Jacques Donzelot : une politique pour la ville

Publié le par Jérôme LJ

 

Jacques Donzelot nous propose dans cet article un discours de la méthode appliqué à l’action urbaine, revisitant notamment deux  politiques actuellement au devant de la scène : la mixité sociale et la rénovation urbaine. Le sociologue en construit une critique décapante. Le propos est rafraîchissant dans l’atmosphère consensuelle qui règne autour de ces deux politiques. Il n’est pas non plus dénué de bon sens…

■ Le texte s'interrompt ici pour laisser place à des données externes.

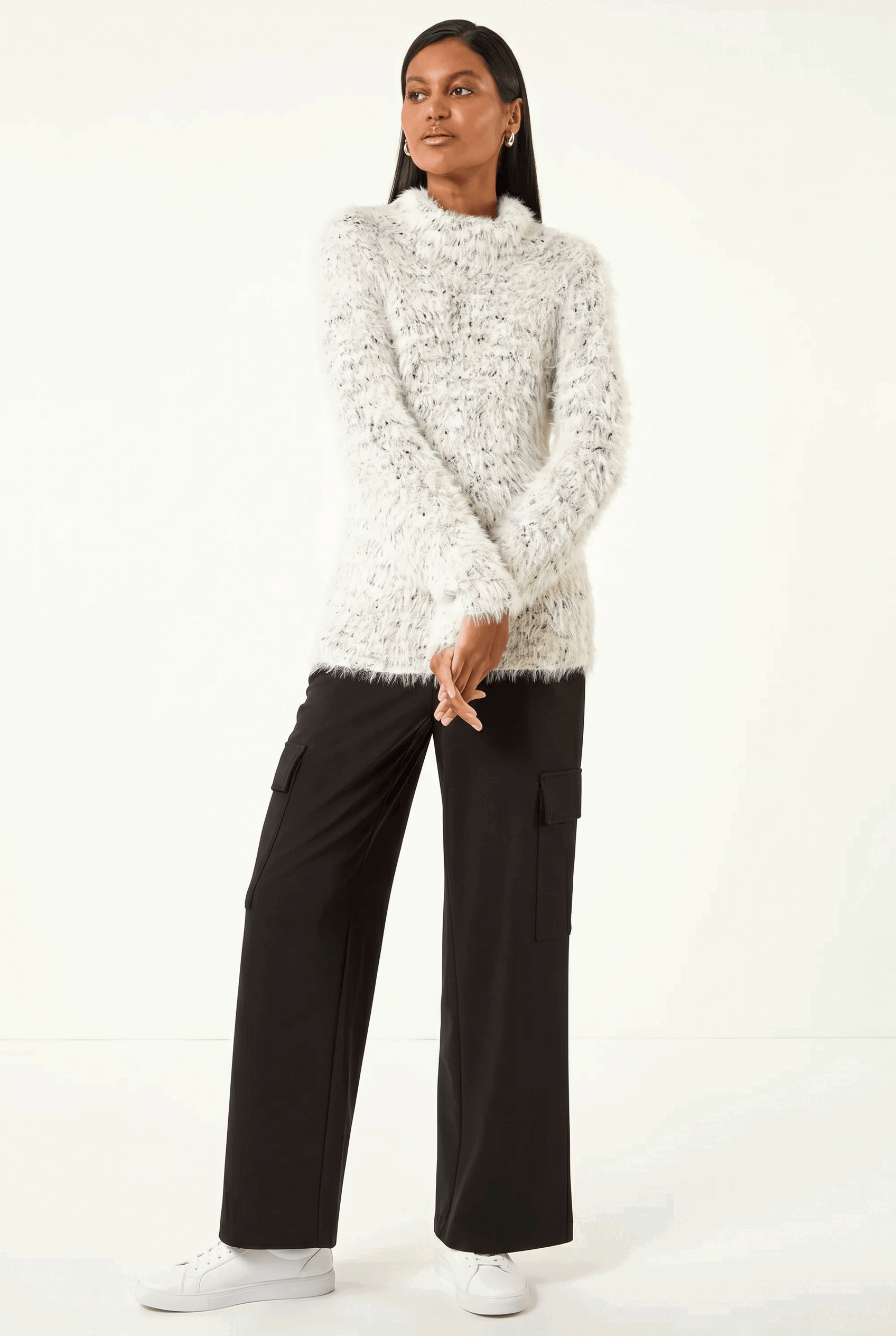Ivory  Fluffy High Neck Knit Jumper, Image 4 of 5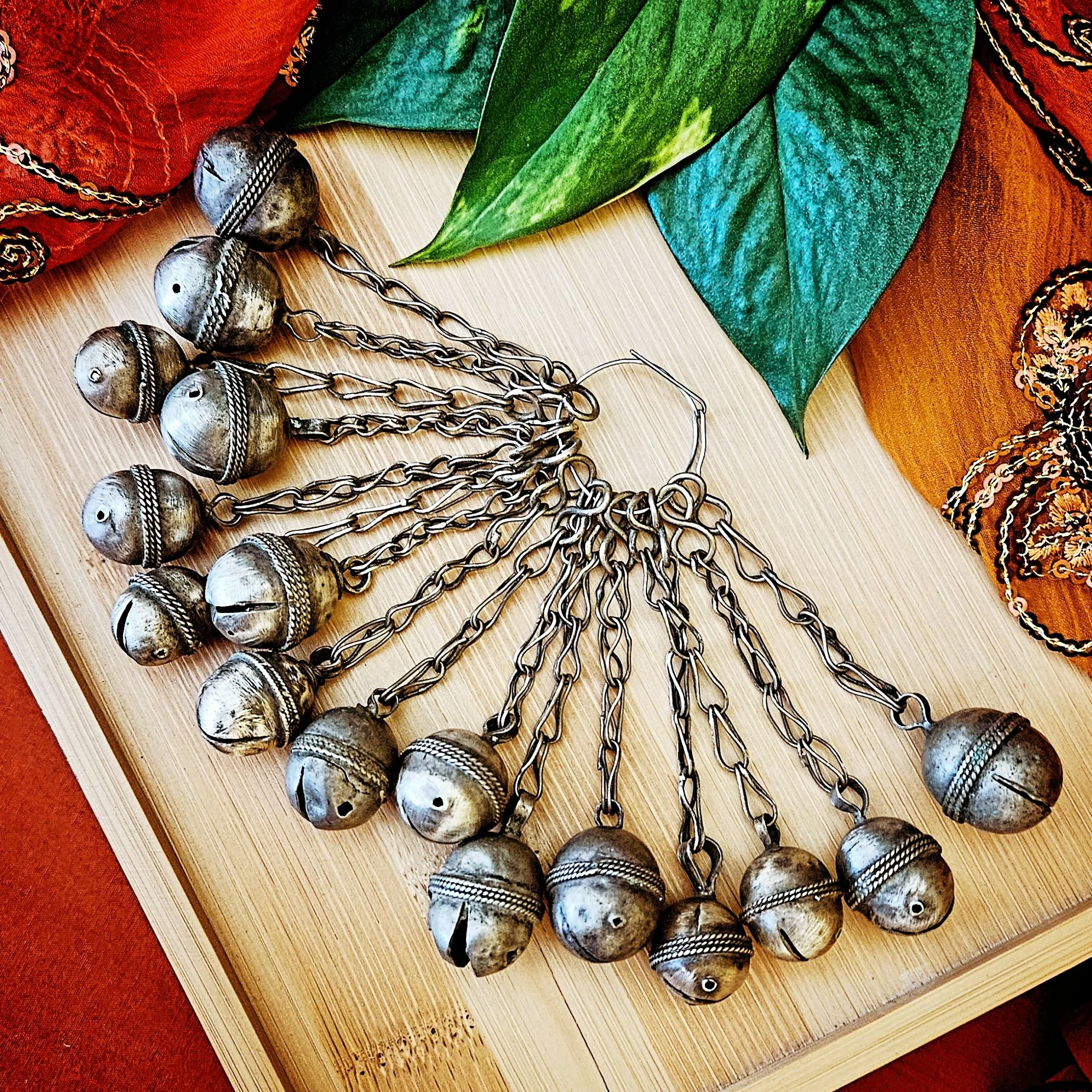 Sixteen Vintage Tribal Bells on Chain - Turkoman Bells - Turkmen Bells for Belly Dance DIY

  Une mixité dans un seul sens

 

Un constat s’impose : la mixité sociale se réalise beaucoup mieux lorsqu’il s’agit d’introduire des classes moyennes là où il y a trop de classes populaires. La référence à la mixité sert alors plutôt à justifier la récupération du foncier au profit des classes moyennes, c’est d’ailleurs le processus en cours dans l’Est parisien. Dans l’autre sens, la mixité se fait plus discrète, les communes ayant moins de 5% de logements sociaux sur leur territoire préférant payer l’amende prévue par la loi Solidarité et Renouvellement Urbain (SRU) que d’engager des efforts importants pour arriver à l’objectif de 20%. Le discours sur la mixité ne répond pas au problème dont il tire pourtant sa légitimité, à savoir les concentrations de pauvreté qui s’enclosent toujours davantage par l’impossibilité des habitants d’accéder aux logements privés.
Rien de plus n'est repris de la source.